We’ve all been through the roller coaster ride of COVID-19 and I’m certain every one of us has been affected by it in one way or another. I never imagined a year ago that I would ever be working on a mass vaccination project to beat a novel corona virus. I joined the project in early December feeling quite excited at the prospect of working with the then newly approved Pfizer Covid vaccine. The vaccine was at the time the only approved vaccine so there was a great amount of public interest in it and everyone had questions. It has been a great learning experience watching ourselves and the other healthcare staff adjust to the challenges of working with a novel drug and also reassuring patients who may be feeling apprehensive.

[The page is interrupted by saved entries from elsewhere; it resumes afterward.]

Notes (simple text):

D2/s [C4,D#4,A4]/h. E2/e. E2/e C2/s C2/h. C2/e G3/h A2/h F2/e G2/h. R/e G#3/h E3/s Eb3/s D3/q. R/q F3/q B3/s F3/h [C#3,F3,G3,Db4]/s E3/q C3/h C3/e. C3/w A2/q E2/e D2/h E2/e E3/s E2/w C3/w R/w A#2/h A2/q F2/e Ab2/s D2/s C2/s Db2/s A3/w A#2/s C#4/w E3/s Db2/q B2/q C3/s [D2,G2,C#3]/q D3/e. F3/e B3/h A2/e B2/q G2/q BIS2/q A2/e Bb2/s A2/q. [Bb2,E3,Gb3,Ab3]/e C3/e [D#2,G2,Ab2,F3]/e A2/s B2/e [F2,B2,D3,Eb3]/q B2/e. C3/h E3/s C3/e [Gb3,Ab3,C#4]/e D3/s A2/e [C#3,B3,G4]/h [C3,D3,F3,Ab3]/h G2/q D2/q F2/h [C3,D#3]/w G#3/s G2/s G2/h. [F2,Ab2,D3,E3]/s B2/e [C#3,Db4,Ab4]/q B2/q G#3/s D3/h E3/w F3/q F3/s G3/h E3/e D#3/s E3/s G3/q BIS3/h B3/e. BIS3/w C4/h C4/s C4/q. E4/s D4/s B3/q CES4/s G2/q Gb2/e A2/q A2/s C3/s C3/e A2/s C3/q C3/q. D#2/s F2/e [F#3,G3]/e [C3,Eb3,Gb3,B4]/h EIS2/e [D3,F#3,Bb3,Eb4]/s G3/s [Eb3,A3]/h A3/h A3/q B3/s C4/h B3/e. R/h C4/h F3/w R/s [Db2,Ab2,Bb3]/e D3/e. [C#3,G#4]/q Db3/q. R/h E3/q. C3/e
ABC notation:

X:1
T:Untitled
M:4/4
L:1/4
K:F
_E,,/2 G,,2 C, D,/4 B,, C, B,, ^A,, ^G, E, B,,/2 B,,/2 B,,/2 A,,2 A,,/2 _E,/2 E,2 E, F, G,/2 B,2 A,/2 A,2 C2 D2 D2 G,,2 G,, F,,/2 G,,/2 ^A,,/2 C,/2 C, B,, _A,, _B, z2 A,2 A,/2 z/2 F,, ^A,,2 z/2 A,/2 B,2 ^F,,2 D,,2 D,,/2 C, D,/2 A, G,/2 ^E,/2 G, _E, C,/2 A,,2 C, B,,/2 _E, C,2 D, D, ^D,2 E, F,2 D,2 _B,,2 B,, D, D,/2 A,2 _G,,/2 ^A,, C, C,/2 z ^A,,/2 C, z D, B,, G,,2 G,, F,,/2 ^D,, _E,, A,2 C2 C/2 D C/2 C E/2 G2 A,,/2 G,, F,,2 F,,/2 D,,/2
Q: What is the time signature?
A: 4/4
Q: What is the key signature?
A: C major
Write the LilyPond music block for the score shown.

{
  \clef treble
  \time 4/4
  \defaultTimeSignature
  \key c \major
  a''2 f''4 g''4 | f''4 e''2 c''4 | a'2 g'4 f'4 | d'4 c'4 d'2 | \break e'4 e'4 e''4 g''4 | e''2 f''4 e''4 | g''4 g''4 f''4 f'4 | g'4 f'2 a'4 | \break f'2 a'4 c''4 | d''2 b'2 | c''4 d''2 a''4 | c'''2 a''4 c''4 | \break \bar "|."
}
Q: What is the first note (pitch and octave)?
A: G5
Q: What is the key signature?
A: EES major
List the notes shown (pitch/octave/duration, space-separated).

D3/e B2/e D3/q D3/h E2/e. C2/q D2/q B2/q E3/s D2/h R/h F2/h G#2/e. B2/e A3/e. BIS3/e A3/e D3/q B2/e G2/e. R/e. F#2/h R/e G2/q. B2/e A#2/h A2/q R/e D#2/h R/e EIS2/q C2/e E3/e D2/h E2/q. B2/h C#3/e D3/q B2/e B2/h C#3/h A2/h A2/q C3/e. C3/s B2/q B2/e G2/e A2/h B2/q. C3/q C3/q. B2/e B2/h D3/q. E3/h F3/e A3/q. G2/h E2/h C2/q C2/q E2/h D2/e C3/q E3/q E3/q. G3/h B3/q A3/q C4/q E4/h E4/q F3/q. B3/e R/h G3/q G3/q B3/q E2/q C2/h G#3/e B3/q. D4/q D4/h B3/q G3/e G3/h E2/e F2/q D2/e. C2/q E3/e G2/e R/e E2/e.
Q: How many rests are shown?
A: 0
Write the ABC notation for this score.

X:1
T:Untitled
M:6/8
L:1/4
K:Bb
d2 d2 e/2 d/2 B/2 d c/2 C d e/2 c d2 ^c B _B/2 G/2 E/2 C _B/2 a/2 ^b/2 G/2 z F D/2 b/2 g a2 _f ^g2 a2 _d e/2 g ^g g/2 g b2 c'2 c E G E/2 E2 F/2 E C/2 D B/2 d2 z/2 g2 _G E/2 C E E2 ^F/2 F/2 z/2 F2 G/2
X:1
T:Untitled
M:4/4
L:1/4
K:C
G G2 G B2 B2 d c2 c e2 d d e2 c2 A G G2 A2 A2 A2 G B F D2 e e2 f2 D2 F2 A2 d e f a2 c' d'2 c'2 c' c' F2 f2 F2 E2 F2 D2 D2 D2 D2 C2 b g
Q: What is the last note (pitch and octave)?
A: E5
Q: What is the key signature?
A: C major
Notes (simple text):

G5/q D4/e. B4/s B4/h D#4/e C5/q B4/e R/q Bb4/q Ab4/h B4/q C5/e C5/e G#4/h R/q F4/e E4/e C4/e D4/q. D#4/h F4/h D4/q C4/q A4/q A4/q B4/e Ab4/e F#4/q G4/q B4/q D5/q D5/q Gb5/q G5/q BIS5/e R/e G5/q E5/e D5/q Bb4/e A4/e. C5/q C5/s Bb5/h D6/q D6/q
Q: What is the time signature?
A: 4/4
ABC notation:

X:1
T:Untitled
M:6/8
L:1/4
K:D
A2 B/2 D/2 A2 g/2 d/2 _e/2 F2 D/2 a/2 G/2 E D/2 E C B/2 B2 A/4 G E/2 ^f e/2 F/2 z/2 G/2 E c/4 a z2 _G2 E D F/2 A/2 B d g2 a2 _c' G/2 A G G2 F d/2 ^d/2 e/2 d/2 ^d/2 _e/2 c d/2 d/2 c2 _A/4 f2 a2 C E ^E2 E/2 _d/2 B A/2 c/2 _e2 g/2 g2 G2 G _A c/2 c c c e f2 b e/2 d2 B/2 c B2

Our role as pharmacists in the covid vaccination clinic is to oversee and supervise the entire process from start to finish, ensuring the process runs according to the national protocol and therefore responsible for the correct receipt, storage, reconstitution and supply of the vaccine. Our team of pharmacists is also on hand to answer any questions from the other healthcare staff on issues such as whether the vaccine is suitable for the patient or not. Once the patients have had their vaccine they must be observed for 15 minutes, we assist with the process of reporting adverse effects to the MHRA through the yellow card reporting system
Our team helps manage stock levels and we ensure that we have enough vials available to cover all the booked appointments but we have to balance this against the risk of the cold chain being broken and the vials having to be destroyed. The vials are treated like a controlled drug so we have to maintain records of requisition and receipt in a CD register. We also have to check that the cold chain is being maintained so we have to constantly monitor the fridge temperature and also the temperature in transit from the cold fridge in the hospital pharmacy to the storage fridge in the clinic. The vials are stored in the storage fridge in the clinic once they have been signed in. Each vial is then signed out by a pharmacist who then reconstitutes the vial whilst being supervised by another pharmacist. Once the vial has been reconstituted it is then taken to another station where the nurses draw up the syringes and administer the vaccine to patients. One pharmacist supervises the drawing up process to ensure that each vaccine is drawn up correctly. The nurses then administer the vaccine under the guidance of the national protocol. It is therefore vital for our team to be familiar with the vaccine and alert to any changes in national guidance/recommendations with regards to the vaccine.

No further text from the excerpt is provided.